Release the handbrake

Release the handbrake
Release the handbrake

Anyone looking back at the investment year will be amazed by the astonishing development of various market segments. Despite geopolitical upheavals, stock markets, driven by technology stocks, have experienced an impressive rally. The same goes for many commodities.

However, the strong performance of these markets has not always been reflected in investors’ returns. This is due to three problems in local portfolios: excessively high cash balances, too large an allocation to the domestic market and portfolios often concentrated in a few large stocks.

Divide assets into three strategies

Although high cash balances give investors a sense of security, they are not as safe as they seem. Since 2017, the real purchasing power of 100 francs in a savings account has decreased by around 6%.

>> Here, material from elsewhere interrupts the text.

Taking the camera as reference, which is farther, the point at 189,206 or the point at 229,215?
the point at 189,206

In contrast, an investment in the global stock market would have nearly doubled in value over the same period. This means that cash reserves should be kept at a reasonable but not excessively high level. To better determine the ideal amount of emergency funds, liquidity planning is recommended by dividing assets into three strategies: liquidity, longevity and legacy.

Global diversification

The analysis shows that a very large proportion of equity investments are often held in the Swiss market, concentrated in a few large stocks. Here too, an intuitive feeling of security, since one “knows” the companies, can lead to a biased allocation towards the familiar. However, this has not paid off. If the three largest Swiss stocks were held in a portfolio, the portfolio would have achieved a performance of just over 30% since 2017.

By contrast, a portfolio with an investment in globally diversified technology stocks would have seen its value nearly quadruple over the same period. These stocks now represent about 30% of the global equity market and should continue to deliver above-average returns in the years to come, given the opportunities in artificial intelligence, automation and robotics.

Release the handbrake

The best way to release the often self-imposed handbrake is to invest the core of an investment portfolio in a well-structured model portfolio that is diversified across regional markets, asset classes and sectors.

Ideally, regular automated “rebalancing” ensures that the portfolio stays on track. A core structured in this way can then be supplemented by satellite investments, according to personal preferences, such as those in private markets, currencies or commodities.